Оливия Лэтам - Войнич Этель Лилиан. Страница 11
Когда после нескольких тяжких месяцев трудов и лишении ему удавалось наскрести немного денег, он брал у владельца соседней корчмы заморенную верховую лошадь и отправлялся в ближайший городишко. В оправдание он придумывал что угодно — говорил, будто едет продать скот или выбрать семена для посева, — но никого этим не обманывал. Чужая лошадь сразу изобличала его: и они все остальные знали, что если он возьмет собственную лошадь, то проиграет и ее, а сам вернется домой пешком.
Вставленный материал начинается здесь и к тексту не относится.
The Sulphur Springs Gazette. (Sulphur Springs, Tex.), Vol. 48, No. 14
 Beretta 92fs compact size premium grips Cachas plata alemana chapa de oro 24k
Сидя в грязном трактире, кишащем клопами и тараканами, насквозь провонявшем винным перегаром и копотью керосиновых ламп, он, обычно такой чистоплотный и брезгливый, ночи напролет играл с урядником и пьяным податным чиновником. По натуре своей Петр был человек глубоко целомудренный и гордый и никогда не принимал участия в непристойных забавах урядника и чиновника. Он скорее умер бы с голоду, чем сел за один стол с урядником. Но когда на него находил картежный азарт, он бражничал с ними как равный и с угодливым смехом выслушивал их похабные анекдоты, лишь бы они не разобиделись и не бросили игру. Проиграв все до последнего гроша, он молча садился на тощую лошаденку и тащился домой через темный, мрачный лес. Свесив голову на грудь и слушая шум сосен, снедаемый стыдом и раскаяньем, он предавался мыслям о самоубийстве.
Оливия не видела его в таком состоянии. Присутствие в имении Владимира — единственного в мире человека, которого Петр еще любил и уважал, удерживало его от карт. Но желание играть все усиливалось, и с каждым днем он становился беспокойней и сумрачней.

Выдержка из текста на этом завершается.